As many as eight public sector banks (PSBs) have decided to raise capital from the market within four months as part of the Rs 2.11 lakh crore recapitalisation plan, according to official sources.
Some banks have already got approval from the Finance Ministry, while others are in the process of getting the green signal for raising capital either through private placement or a rights issue, they said.
Most banks prefer the Qualified Institutional Placement (QIP) route, sources said, adding that Punjab National Bank (PNB) would be the first to hit the market to raise Rs 5,000 crore.
Bank of Baroda, Bank of India, Union Bank of India, Allahabad Bank and Andhra Bank are gearing up for the share sale, they said.
Finance Minister Arun Jaitley in October had announced an unprecedented Rs 2.11 lakh crore two-year road map to strengthen PSBs reeling under high non-performing assets (NPAs) or bad loans. Their NPAs have increased to Rs 7.33 lakh crore as of June 2017 from Rs 2.75 lakh crore in March 2015.
The plan includes floating re-capitalisation bonds of Rs 1.35 lakh crore and raising Rs 58,000 crore from the market by diluting the government’s stake.
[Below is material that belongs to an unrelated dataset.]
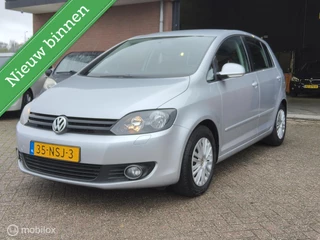 Hoofdafbeelding Volkswagen Golf Plus Volkswagen Golf Plus 1.2 TSI Trendline BlueMotion AIRCO|TREKHAAK|CRUISE!!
The government equity, according to the current policy, can come down to 52 per cent in state-owned banks.
Jaitley had also announced that banks would get about Rs 18,000 crore under the Indradhanush plan over the next two years.
Under the Indradhanush road map announced in 2015, the government had announced infusion of Rs 70,000 crore in state-owned banks over four years, while they would have to raise a further Rs 1.1 lakh crore from the market to meet their capital requirement in line with global risk norms, known as Basel-III.
In the last three-and-a-half years, the government has pumped in Rs 51,858 crore capital in the PSBs. The remaining Rs 18,142 crore will be injected into the banks over the next two years.